• Exercise directions:
Could you return, exactly as written, every line from the one containing "Excaliibuur online show from 03-29-26, 06:19" through the last line of the entries below, leaving out the pictures?

• Exercise input:
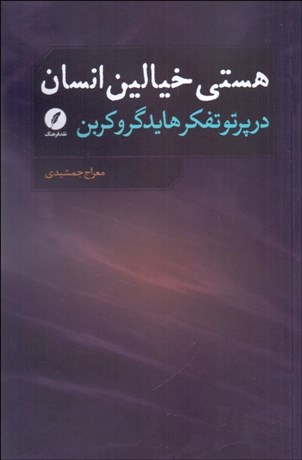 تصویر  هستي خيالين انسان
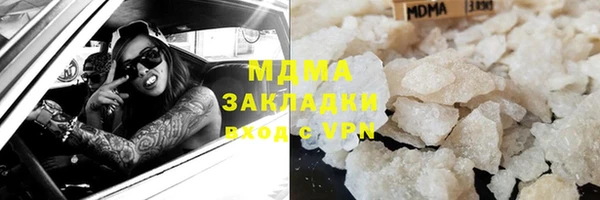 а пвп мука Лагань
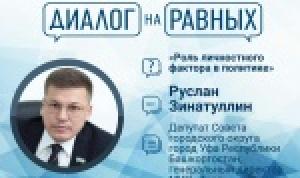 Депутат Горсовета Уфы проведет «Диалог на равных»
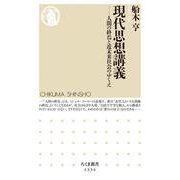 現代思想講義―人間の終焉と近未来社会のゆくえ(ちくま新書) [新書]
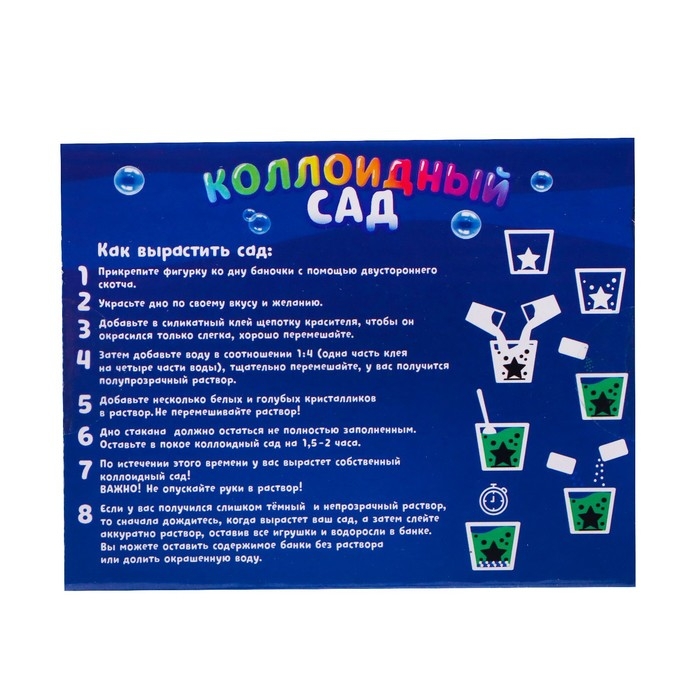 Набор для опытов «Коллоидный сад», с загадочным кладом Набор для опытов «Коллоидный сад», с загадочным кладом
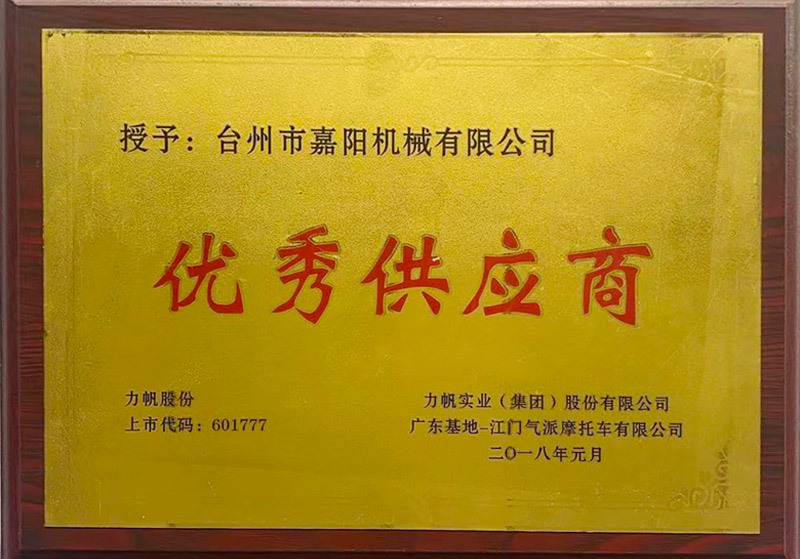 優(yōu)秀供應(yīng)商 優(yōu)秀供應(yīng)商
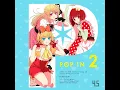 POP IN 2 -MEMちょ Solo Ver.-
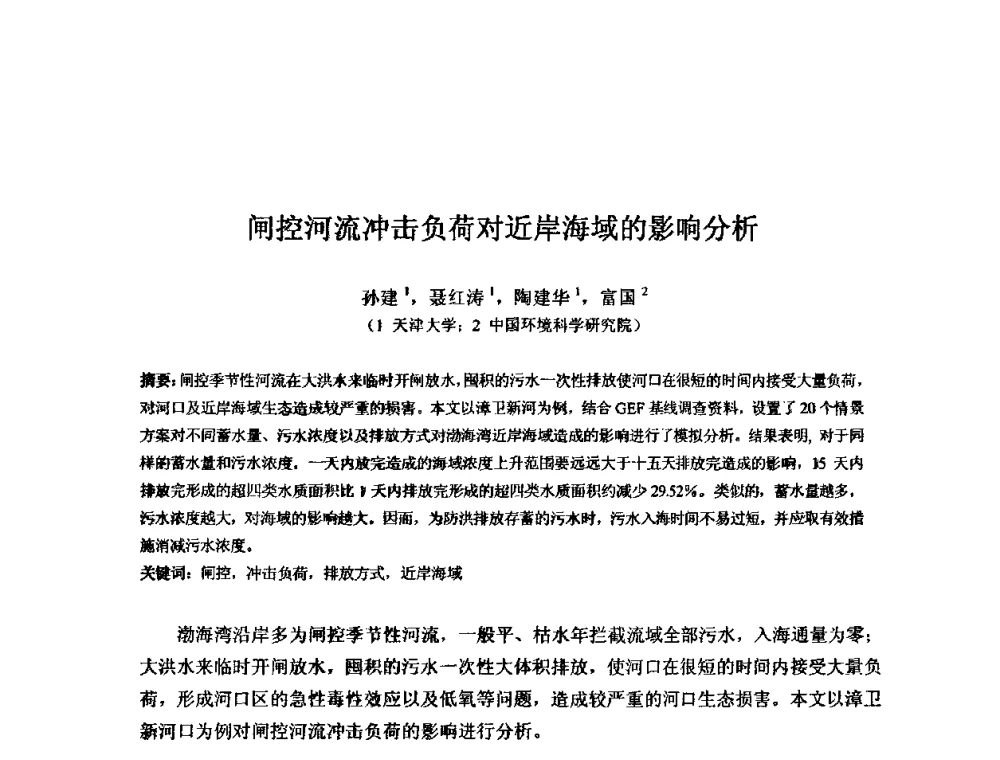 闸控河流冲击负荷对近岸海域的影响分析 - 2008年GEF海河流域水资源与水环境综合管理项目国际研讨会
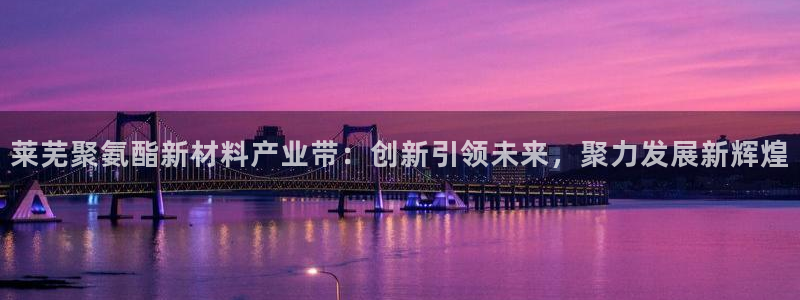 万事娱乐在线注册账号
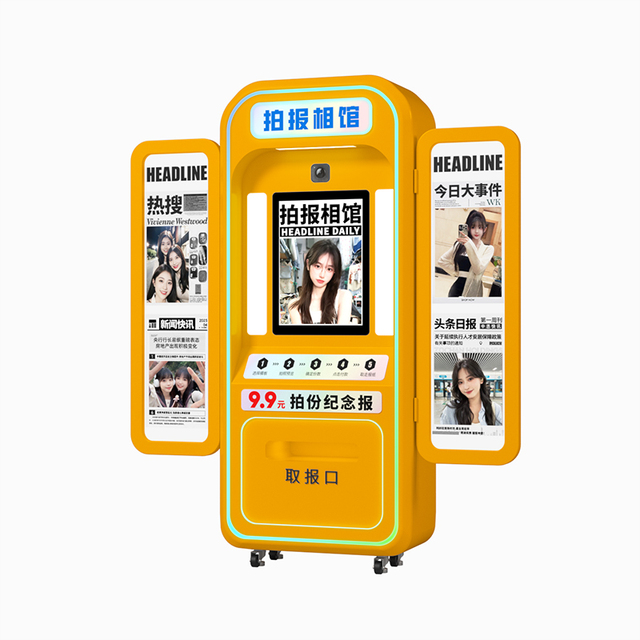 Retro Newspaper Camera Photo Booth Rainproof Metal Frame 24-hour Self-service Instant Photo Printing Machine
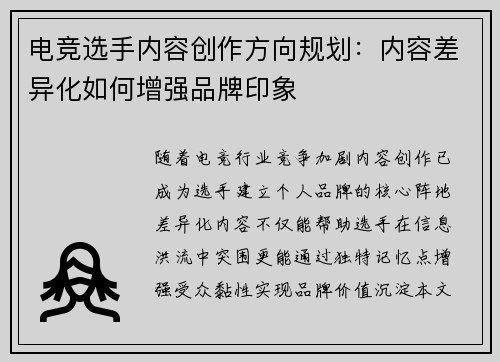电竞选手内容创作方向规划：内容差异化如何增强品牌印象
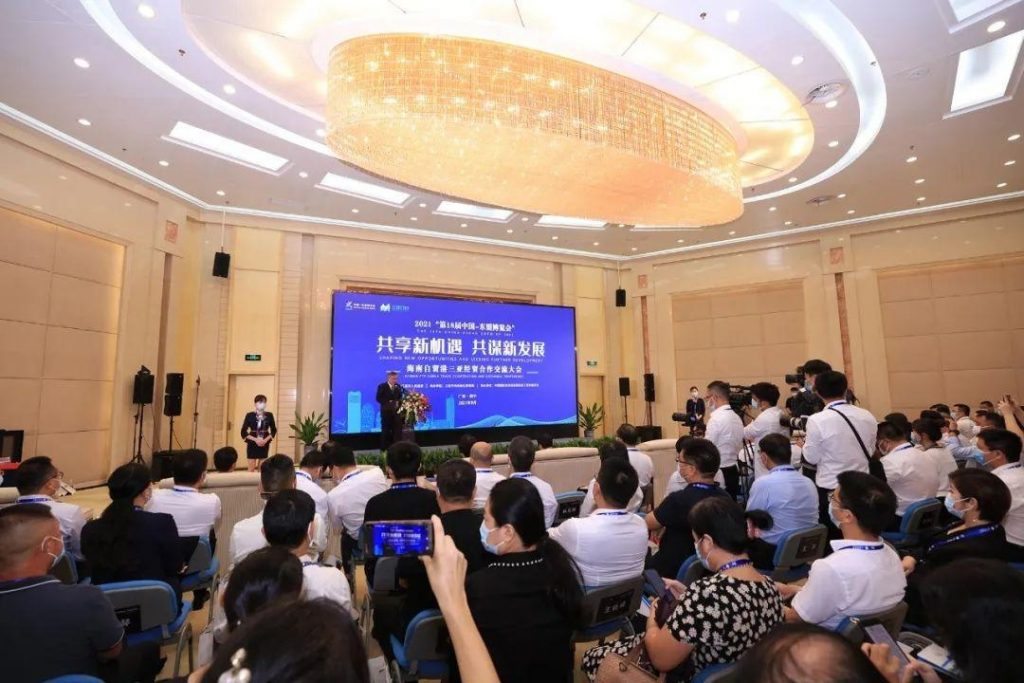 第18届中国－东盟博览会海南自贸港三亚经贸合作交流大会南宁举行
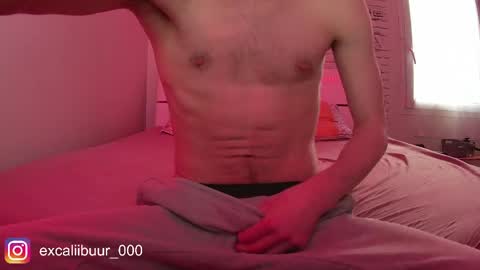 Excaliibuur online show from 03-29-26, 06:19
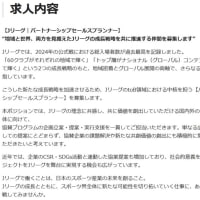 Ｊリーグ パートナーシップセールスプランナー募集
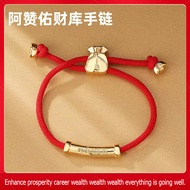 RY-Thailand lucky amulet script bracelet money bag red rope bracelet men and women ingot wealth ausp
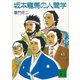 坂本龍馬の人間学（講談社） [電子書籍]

• Result:
 Excaliibuur online show from 03-29-26, 06:19
 Ｊリーグ パートナーシップセールスプランナー募集
 RY-Thailand lucky amulet script bracelet money bag red rope bracelet men and women ingot wealth ausp
 坂本龍馬の人間学（講談社） [電子書籍]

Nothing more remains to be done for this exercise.